The health service pointed to figures showing 2.7million patients with suspected cancer were referred to a consultant in the year to September — 11 per cent higher than one year earlier.
And it is ‘diagnosing more patients with cancer at an earlier stage than ever before’. More than 100,000 patients were diagnosed with stage one or two cancer, the highest figure on record. The earlier cancer is spotted, the easier it is to treat.
Siva Anandaciva, chief analyst at The King’s Fund, said the data shows ‘many NHS services are already in crisis and the situation is likely to worsen as winter bites and demoralized staff show their discontent through industrial action’.
He said: ‘If NHS budgets keep being eroded by inflation, it is hard to see how ambitious government targets to reduce hospital waiting lists — which currently stands at 7.1million for routine care — can possibly be achieved.

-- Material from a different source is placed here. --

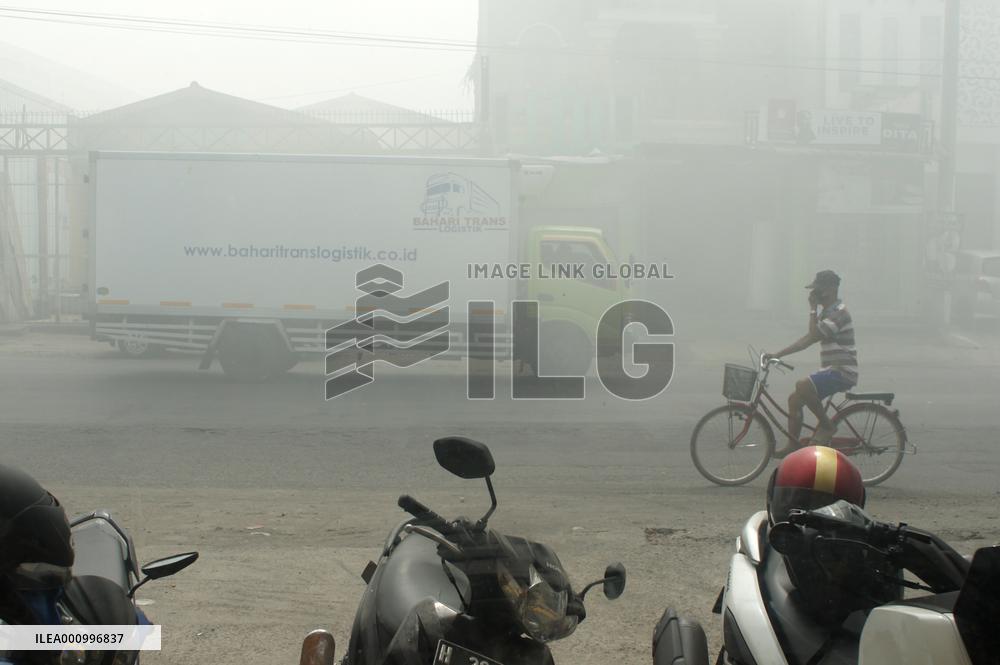 INDONESIA-DEMAK-FACTORY-FIRE-SMOKE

‘History has shown us that attempts to protect core NHS budgets at the expense of wider spending on social care, illness prevention and capital investment are short-sighted and can lead to greater pressure on services further down the line, and leave NHS patients and staff with failing equipment, dilapidated buildings and poorer health.
‘Now is the moment for the government to show stewardship of health and care services as well as the economy. If, instead, ministers choose to squeeze health and care budgets, they must be prepared to explain to patients and the public why services are going to deteriorate, with poorer care and longer waits as a result.’